IEEE Trans Biomed Eng. 2023 Nov;70(11):3227-3238. doi: 10.1109/TBME.2023.3286856. Epub 2023 Oct 19.

Abstract

Objective: Design and assessment of new therapies for type 1 diabetes (T1D) management can be greatly facilitated by in silico simulations. The ReplayBG simulation methodology here proposed allows "replaying" the scenario behind data already collected by simulating the glucose concentration obtained in response to alternative insulin/carbohydrate therapies and evaluate their efficacy leveraging the concept of digital twin.

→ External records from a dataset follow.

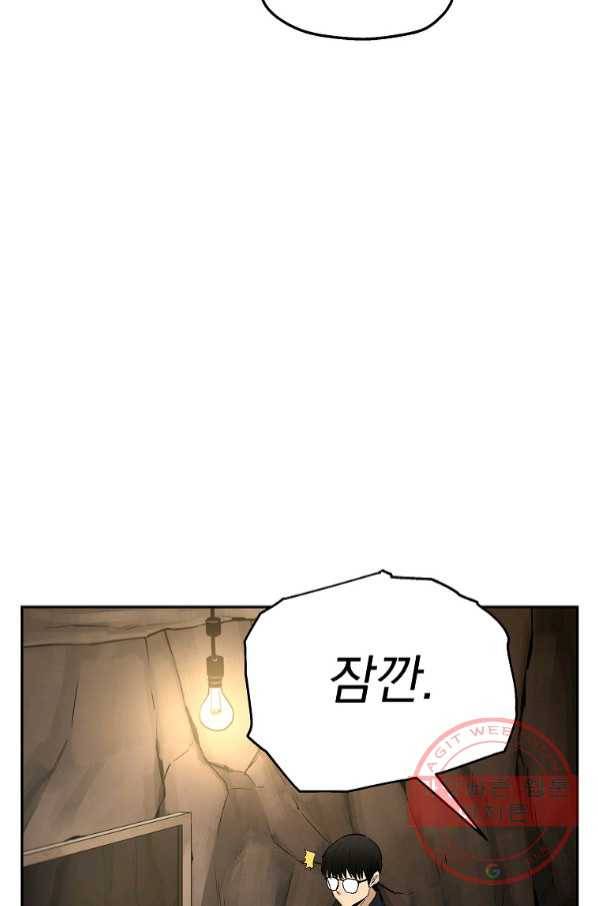 돈빵 14화 80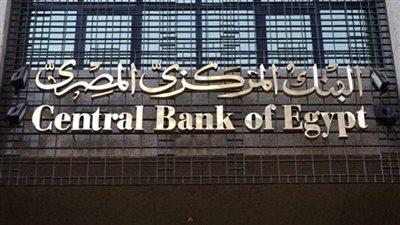 فيديو| ارتفاع صادرات مصر إلى الخارج لـ 18.8 مليار دولار خلال 9 أشهر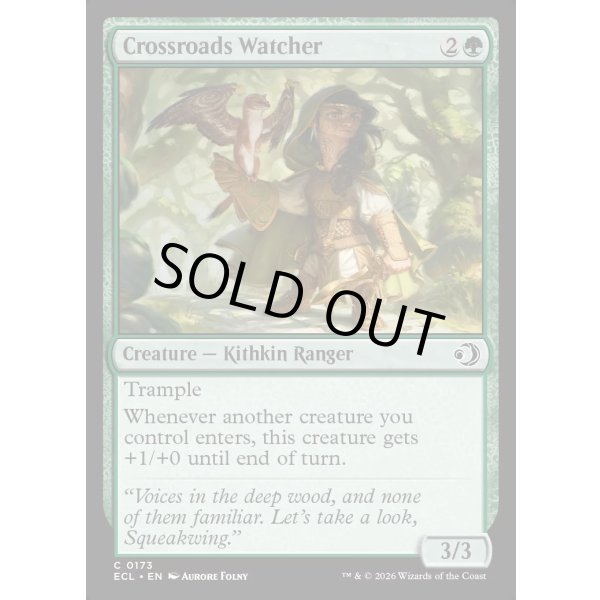 画像2: 岐路の監視者/Crossroads Watcher (2)
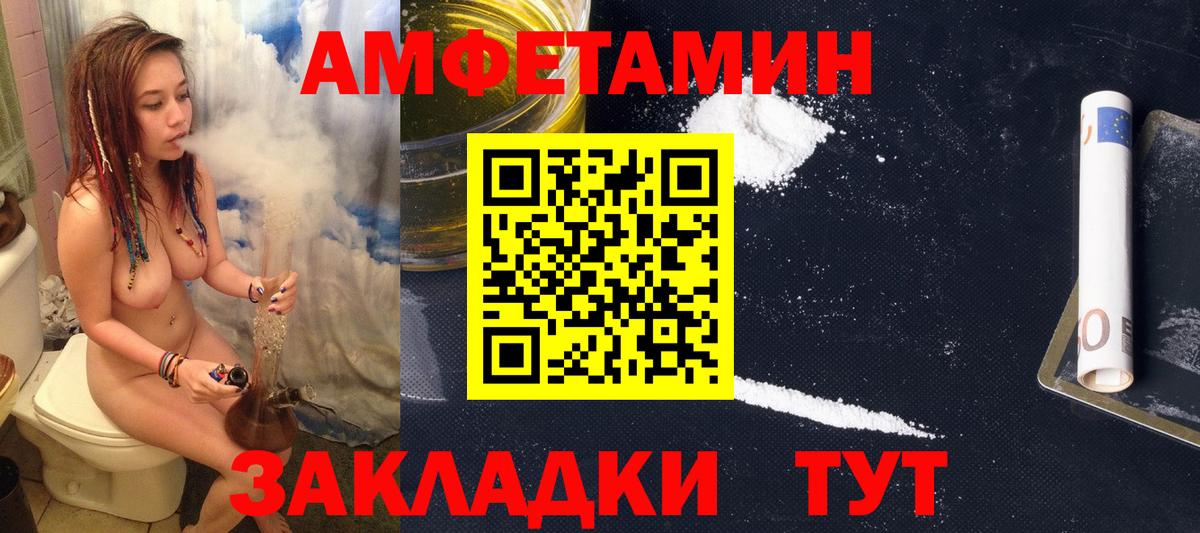 Владимир  Амфетамин  Вход с VPN  АМФЕТАМИН VHQ 
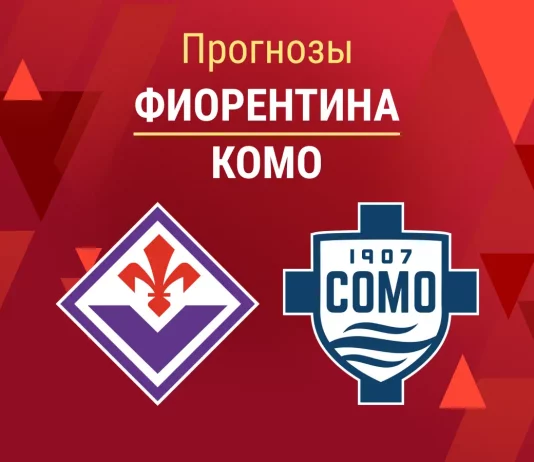 Прогноз Фиорентина - Комо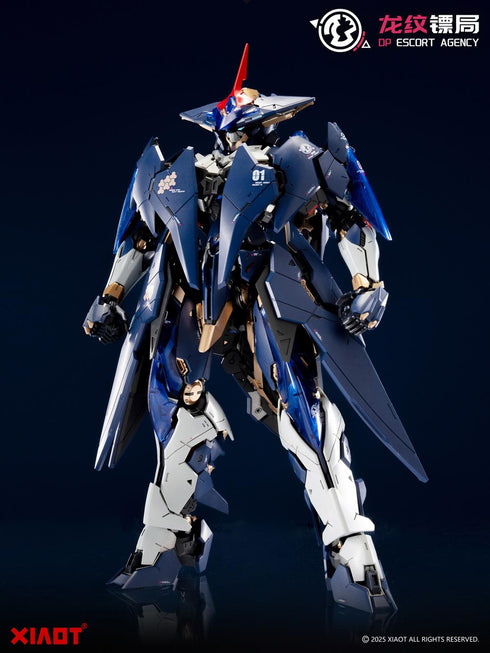 『龍紋鏢局』012_XIAOT 令曜(れいよう) 1/100スケールプラスチックモデルキット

Methods: ReplayBG is based on two steps. First, a personalized model of glucose-insulin dynamics is identified using insulin, carbohydrate, and continuous glucose monitoring (CGM) data. Then, this model is used to simulate the glucose concentration that would have been obtained by "replaying" the same portion of data using a different therapy. The validity of the methodology was evaluated on 100 virtual subjects using the UVa/Padova T1D Simulator (T1DS). In particular, the glucose concentration traces simulated by ReplayBG are compared with those provided by T1DS in five different scenarios of insulin and carbohydrate treatment modifications. Furthermore, we compared ReplayBG with a state-of-the-art methodology for the scope. Finally, two case studies using real data are also presented.

Results: ReplayBG simulates with high accuracy the effect of the considered insulin and carbohydrate treatment alterations, performing significantly better than state-of-art method in almost all considered situations.

Conclusion: ReplayBG proved to be a reliable and robust tool to retrospectively explore the effect of new treatments for T1D on the glucose dynamics. It is freely available as open source software at https://github.com/gcappon/replay-bg.

Significance: ReplayBG offers a new approach to preliminary evaluate new therapies for T1D management before clinical trials.